Effective January 1, 2004, the Company’s US dollar cross currency and interest rate swap contracts were no longer designated as hedges of the Eurobond, which resulted in a revaluation of this Eurobond debt and a deferred gain of $17 million.  This is being amortized over the period to 2009.  The swap contracts were terminated in 2004 for cash proceeds of $138 million and resulted in an additional gain of $15 million.  The termination of these contracts did not accelerate recognition of the deferred gain into income.  The Company’s outstanding commodity price derivative contracts have been designated as hedges of the Company’s anticipated future commodity sales.

Talisman has adopted the US dollar as its functional currency for accounting purposes.  The Company’s long-term debt denominated in UK pounds sterling and Canadian dollars has been designated as hedges of the Company’s net investments in the UK and Canadian self-sustaining operations.  Unrealized foreign exchange gains and losses resulting from the translation of this debt are included in a separate component of shareholders’ equity described as cumulative foreign currency translation.  However, as the Company is domiciled in Canada and pays taxes in Canada, in Canadian dollars, these unrealized gains and losses, although not being reported in income, will be subject to Canadian tax if they are realized in the future.

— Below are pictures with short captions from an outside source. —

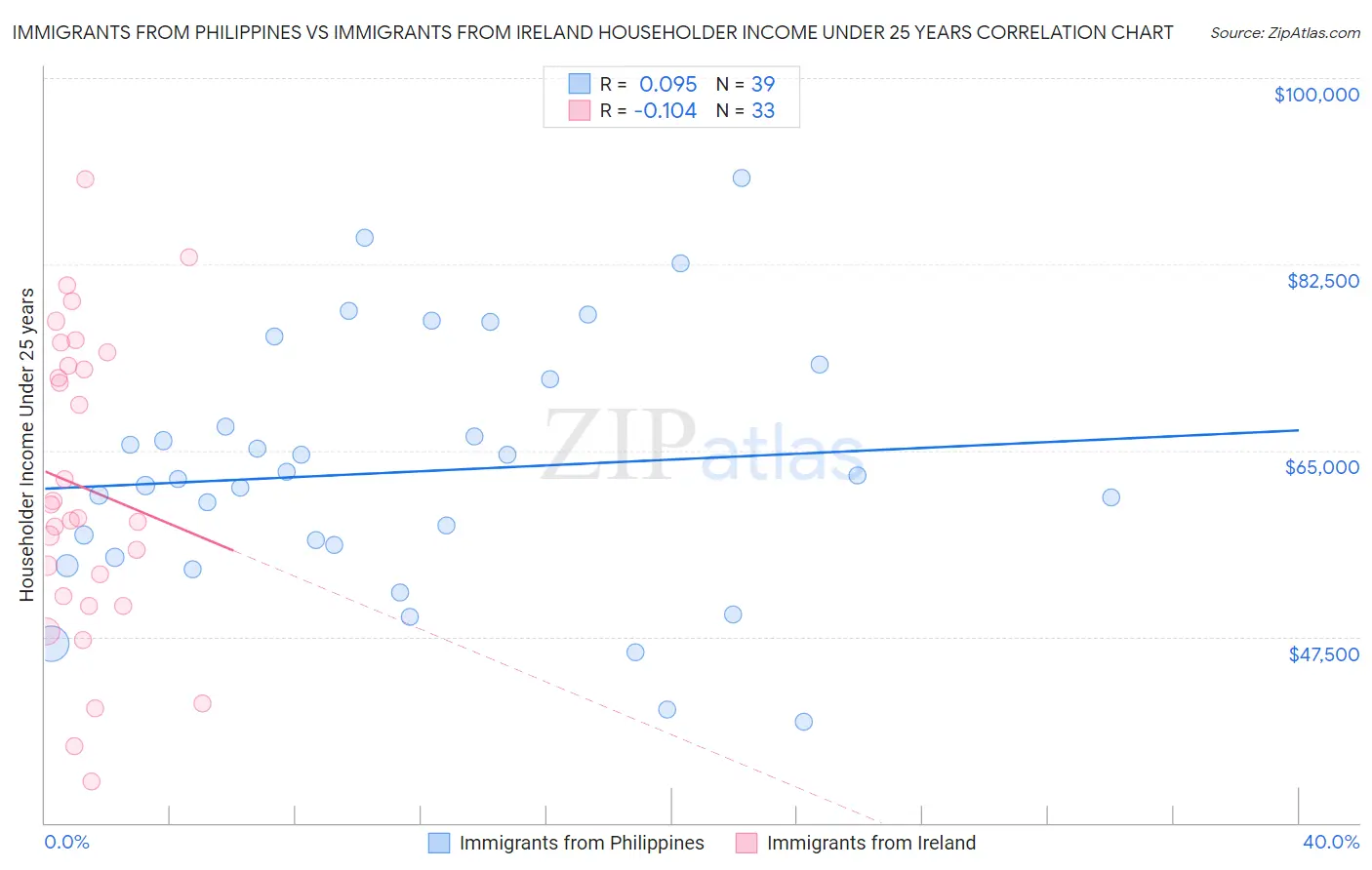 Immigrants from Philippines vs Immigrants from Ireland Householder Income Under 25 years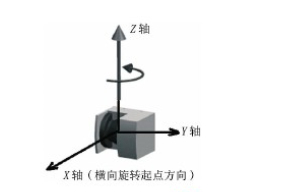 2D激光雷达如何实现3D应用？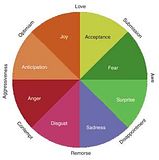 Photobucket | emotion color wheel Pictures, emotion color wheel Images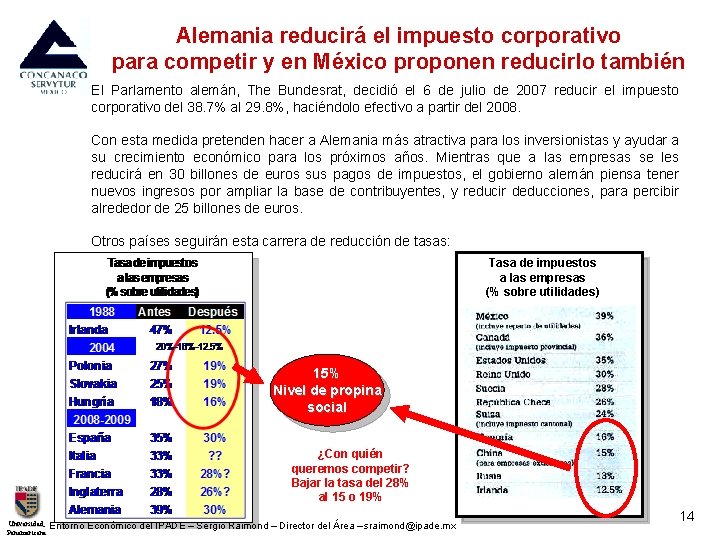 Alemania reducirá el impuesto corporativo para competir y en México proponen reducirlo también El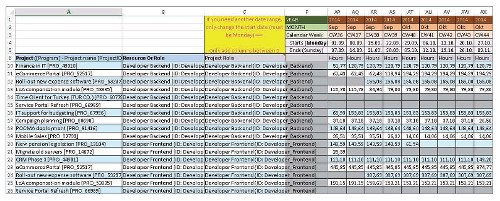 Umsetzung Projektmanagement Bild1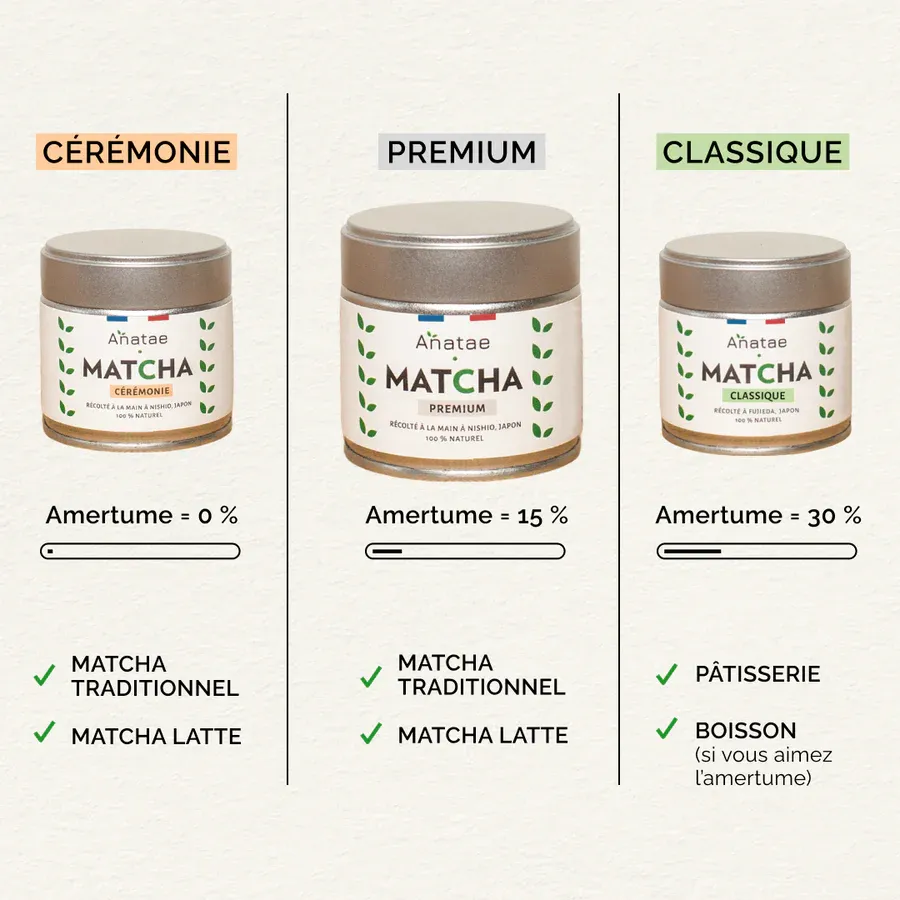 Matcha Premium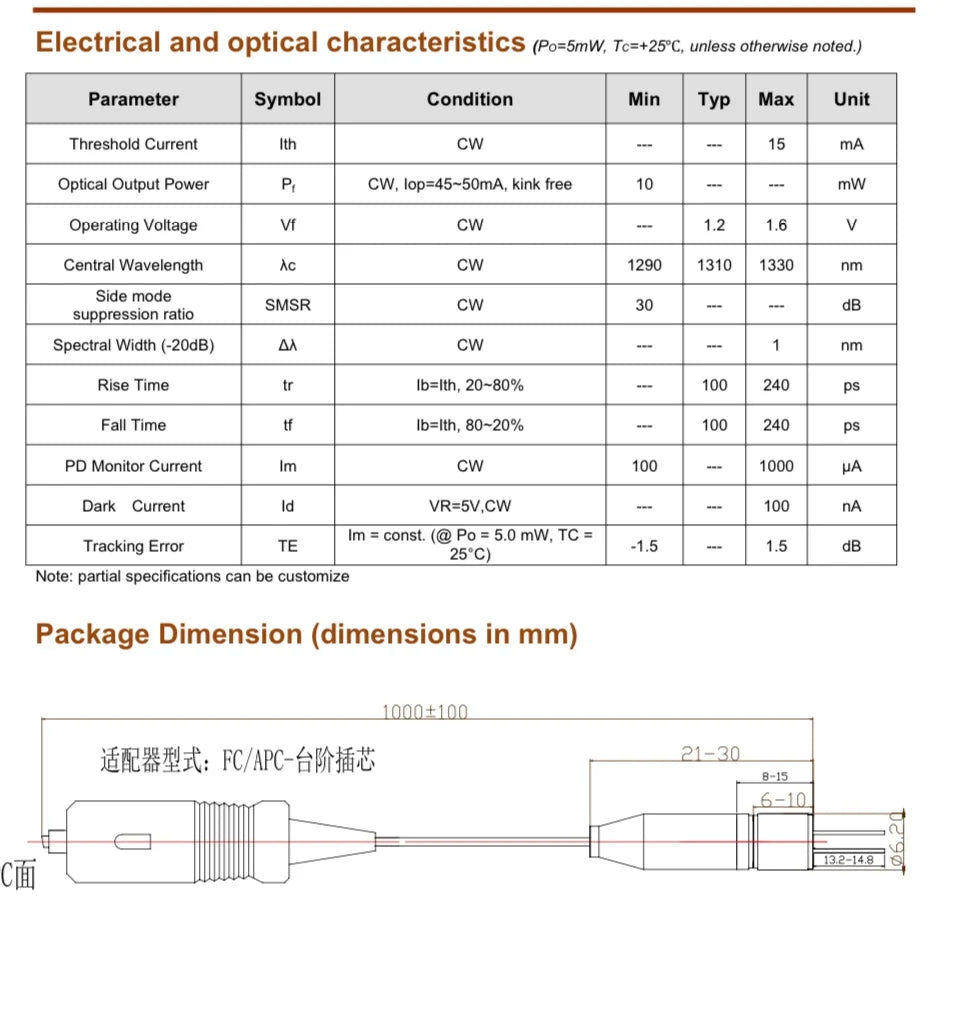 1310/1550 DFB laser,MQW-DFB Laser Diode with Isolator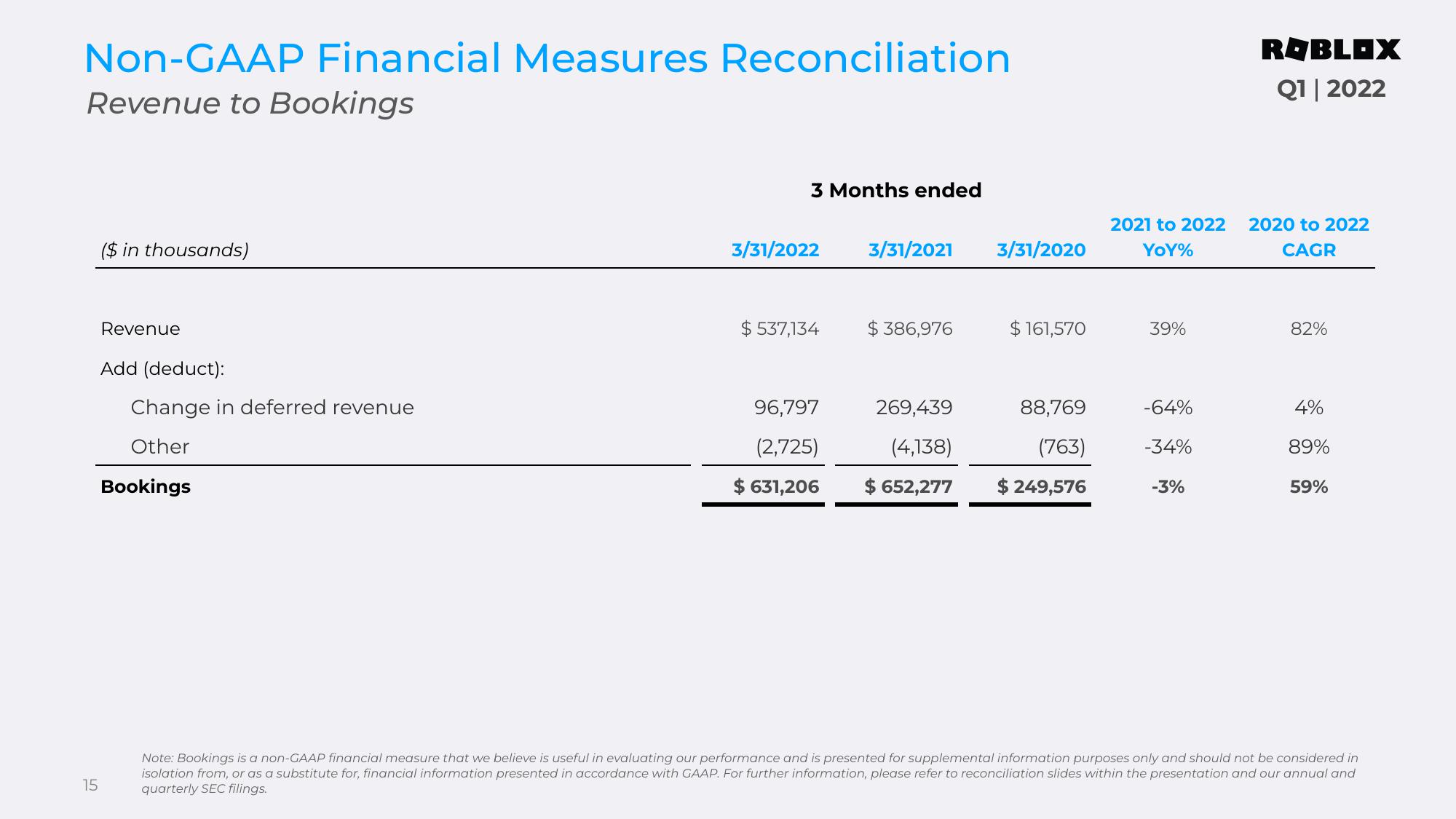 Roblox Results Presentation Deck slide image #15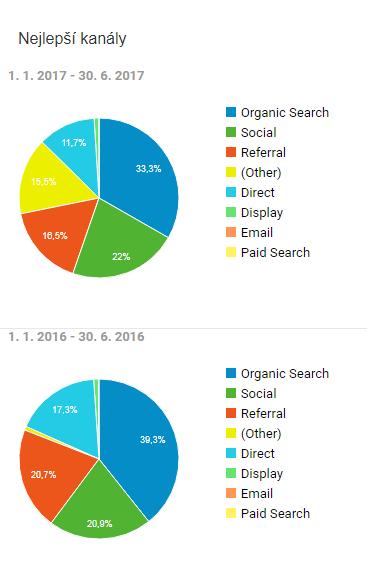 Vývoj hlavních zdrojů návštěvnosti na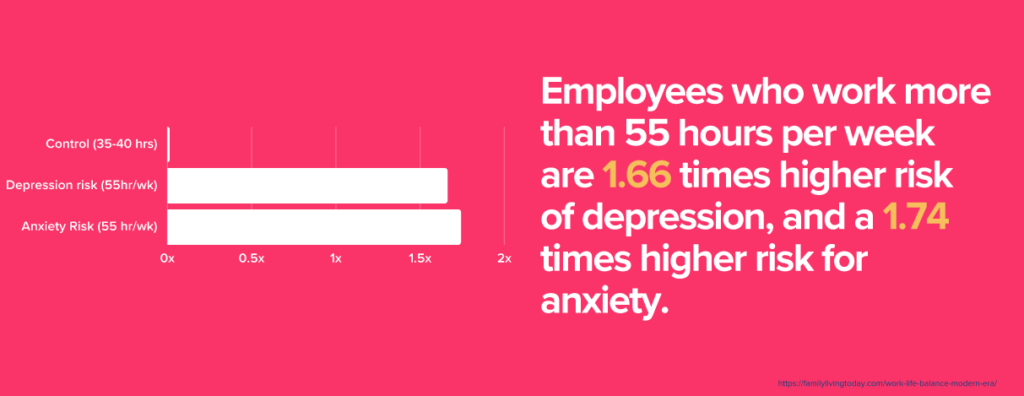 How Many Work Hours Are In A Year of Full-Time Work?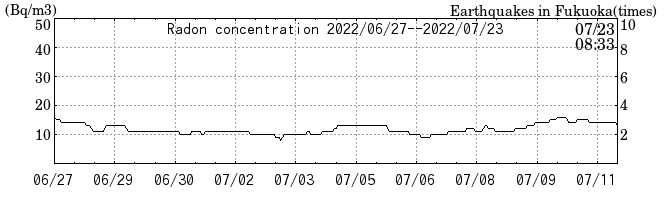 Radon concentration from 2024/03/12 to 2024/03/26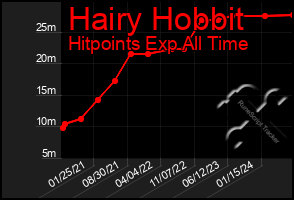 Total Graph of Hairy Hobbit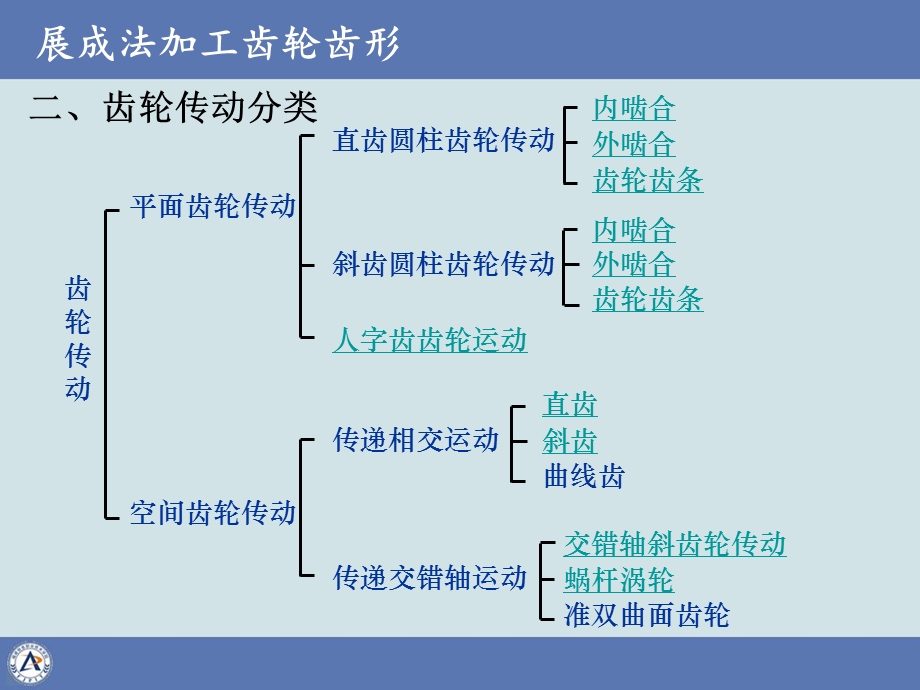 齿轮传动的特点.ppt_第2页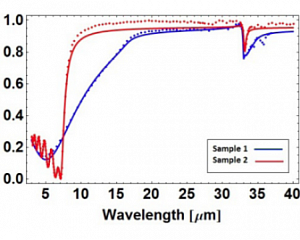 Регистрация спектров пропускания, отражения и фотопроводимости различных материалов на фурье-спектрометре Bruker Vertex 80v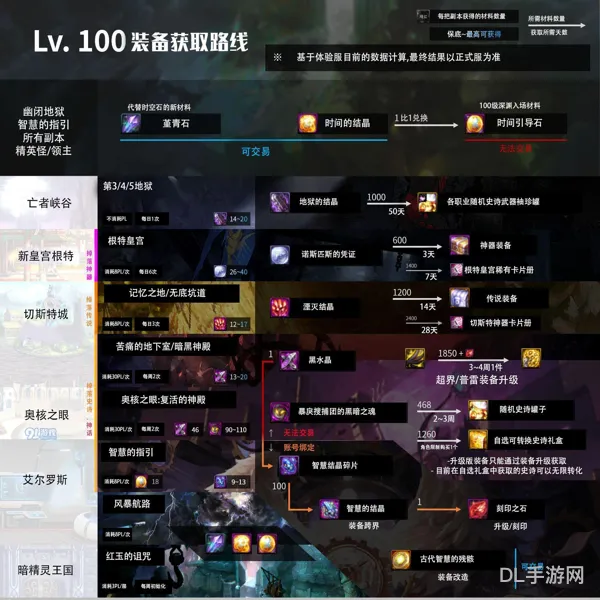 dnf圣物装备怎么获得(dnf圣物装备可以升级吗)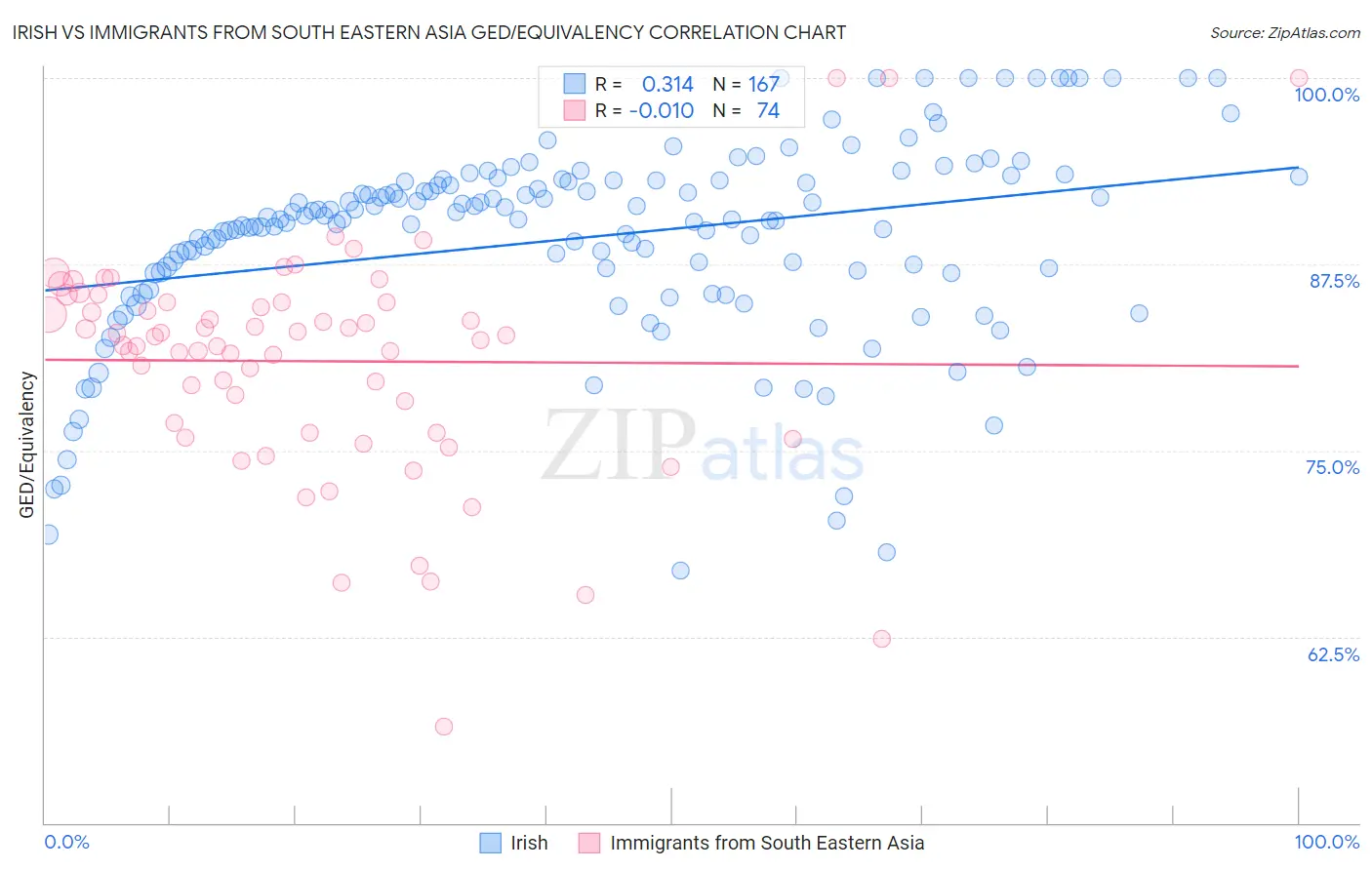 Irish vs Immigrants from South Eastern Asia GED/Equivalency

Summary of Quarterly Results (millions of Cdn. dollars unless otherwise stated)


The following is a summary of quarterly results of the Company for the eight most recently completed quarters.


  

Three months ended

  

2004

2003

2002

  

Sept. 30

June 30

March 31

Dec. 31

Sept. 30

June 30

March 31

Dec. 31

 

Total revenue 1

      1,355

      1,337

      1,261

      1,129

      1,077

      1,023

      1,370

    1,274

 

Net income 2, 3

        122

        197

        223

        108

        128

        202

        574

       177

Per common share amounts 4

(Cdn. dollars)

       


  Net income 2, 3

       0.32

       0.50

       0.57

       0.27

       0.32

       0.51

       1.46

      0.43

  Diluted net income 2, 3

       0.31

       0.50

       0.56

       0.26

       0.31

       0.50

       1.45

      0.42

1.

Revenue has been reclassified to conform to the method of presentation adopted during the second quarter of 2004, disclosing transportation costs as a separate item.  Previously, these costs had been partially netted off against revenue.

2.

Net income and net income before discontinued operations and extraordinary items are the same.

3.

Prior years have been restated to effect retroactive adoption of the new accounting policy on asset retirement obligation as at January 1, 2004.

4.

All per share amounts have been retroactively restated to reflect the impact of the Company’s 3 for 1 stock split as of the second quarter of 2004.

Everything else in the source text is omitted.